The role of radiolabeled mAbs in the treatment of cancer remains a burgeoning enterprise. The majority of RIT trials have been performed with β--emitting isotopes and this currently remains true. Contrasting to β--emitters, the shorter range and higher LET α-particles allow for more efficient and selective killing of individual tumor cells. And, while some experimental pre-clinical models have demonstrated that targeted α-therapy may have a significant impact on large tumor burdens, the majority of pre-clinical and clinical trials thereafter clearly pursue the accepted paradigm that RIT with α-emitters are best suited for the treatment of small-volume disease. While both pre-clinical and early clinical studies appear promising, several obstacles obstruct the path to widespread acceptance and use of targeted α-therapy. To traverse these obstacles, issues pertaining to supply and economics need to be resolved by the creation of new sources and methods for production of these medically valuable radionuclides. Current supplies of those radionuclides associated with the 225Ac and 224Ra decay pathways remain limited to those sources of naturally isolated by-products from weapons development within the United States. Additional sources of both reside within Russia and other locations and within recovery of nuclear fuel materials during their reprocessing. Both reactor and accelerator routes to 225Ac have been proposed although meaning product remains to be delivered. Beyond just production of these radionuclides, assembly and transport of generators of sufficient activity amounts to support clinical trials have yet to really be produced; current clinical use requires multiple generators linked together. Lastly, the costs of these radionuclides has more than tripled in the past decade for a variety of reasons seriously challenging the ability of many researchers from both remaining in or entering the field. Production of 211At is also hampered by production limits both in amounts and feasible locations due to cyclotron energy constraints.
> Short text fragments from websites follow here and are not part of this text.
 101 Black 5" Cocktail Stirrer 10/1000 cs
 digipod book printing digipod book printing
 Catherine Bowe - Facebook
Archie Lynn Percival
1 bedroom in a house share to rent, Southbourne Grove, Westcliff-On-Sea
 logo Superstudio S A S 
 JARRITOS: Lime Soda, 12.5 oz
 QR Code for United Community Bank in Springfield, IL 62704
Chelation and linking chemistry, while partially resolved for some radionuclides as noted earlier, remains a challenge for the multiple decay pathway radionuclides. The practical chemical challenges of studying the coordination chemistry of Ac(III) and Ra(II) directed towards the requirements for these applications place tsuch studies well beyond all but a few facilities where is equally unclear that such studies might ever be performed. Opportunities remain within the area of conjugation chemistry. Despite having traversed many chelation challenges, more efficient conjugation and Radiolabeling protocols remain to be developed that result in more consistent products with higher specific activities to optimize therapeutic potentials. Better pharmacokinetic and dosimetry modeling techniques are also required that actually address the cellular micro-dosimetry aspect of targeted α-emitters since their targets exist at the individual cell by cell therapy..
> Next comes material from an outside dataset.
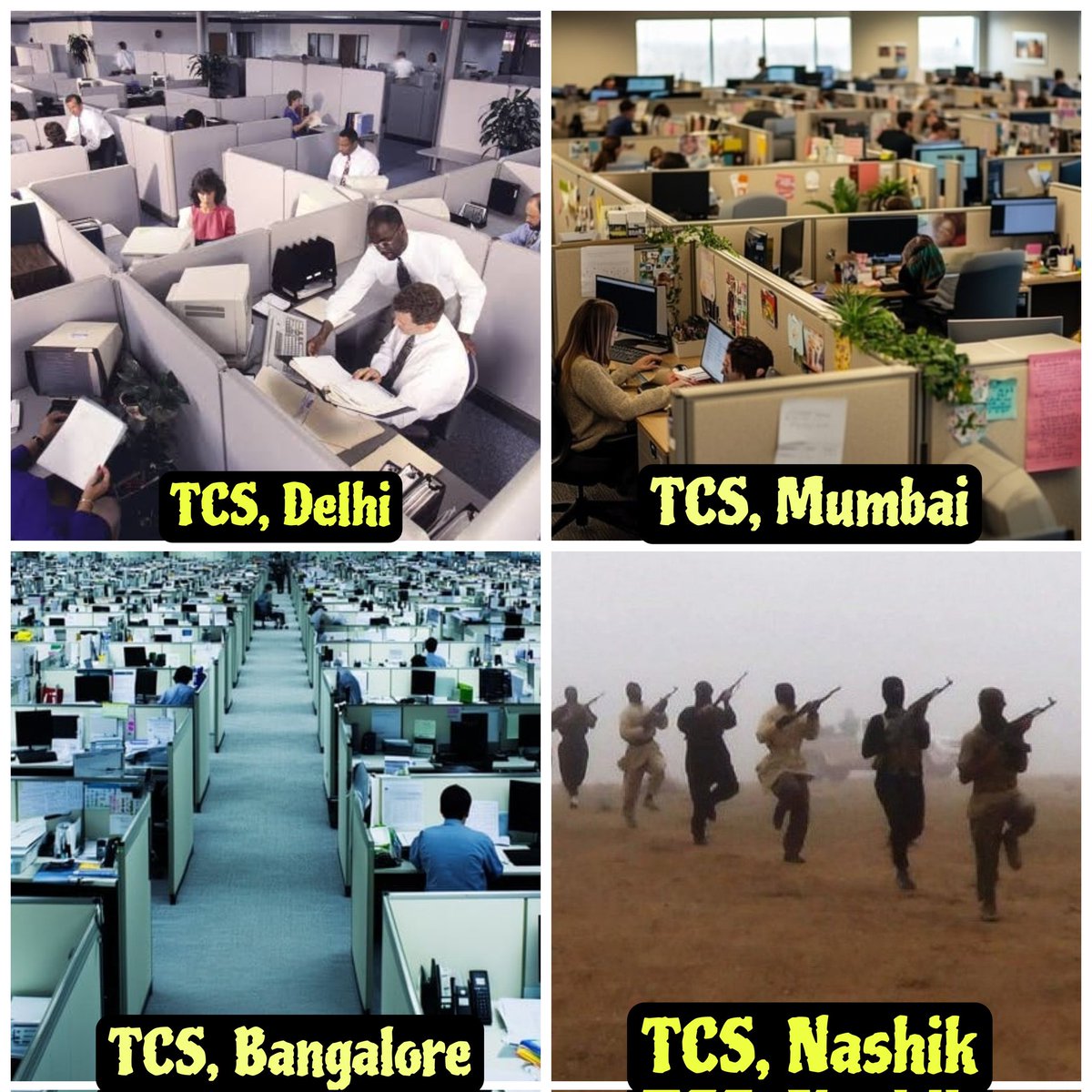 The Kerala Girl ( Indian ) tweet media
Novel delivery methods must be developed and carefully studied and in part this approach has been initiated (vide infra). Careful and comparable pre-clinical (and clinical investigations) will be required to define optimal radioisotopes, dosing regimens, and therapeutic strategies. This latter aspect is of particular importance as it is obvious that while single dose administration protocols dominate clinical investigation, the clinical reality remains that RIT and targeted α-therapy will have to become integrated into clinical standards of care, become combined with both external beam radiation therapy and chemotherapies to a become real, accepted therapeutic modality.

Acknowledgment

This research was supported by the Intramural Research Program of the NIH, National Cancer Institute, Center for Cancer Research. I would also thank Diane Milenic and Barbara Keller for their critical reading of the manuscript and Kwamean Baidoo for his assistance.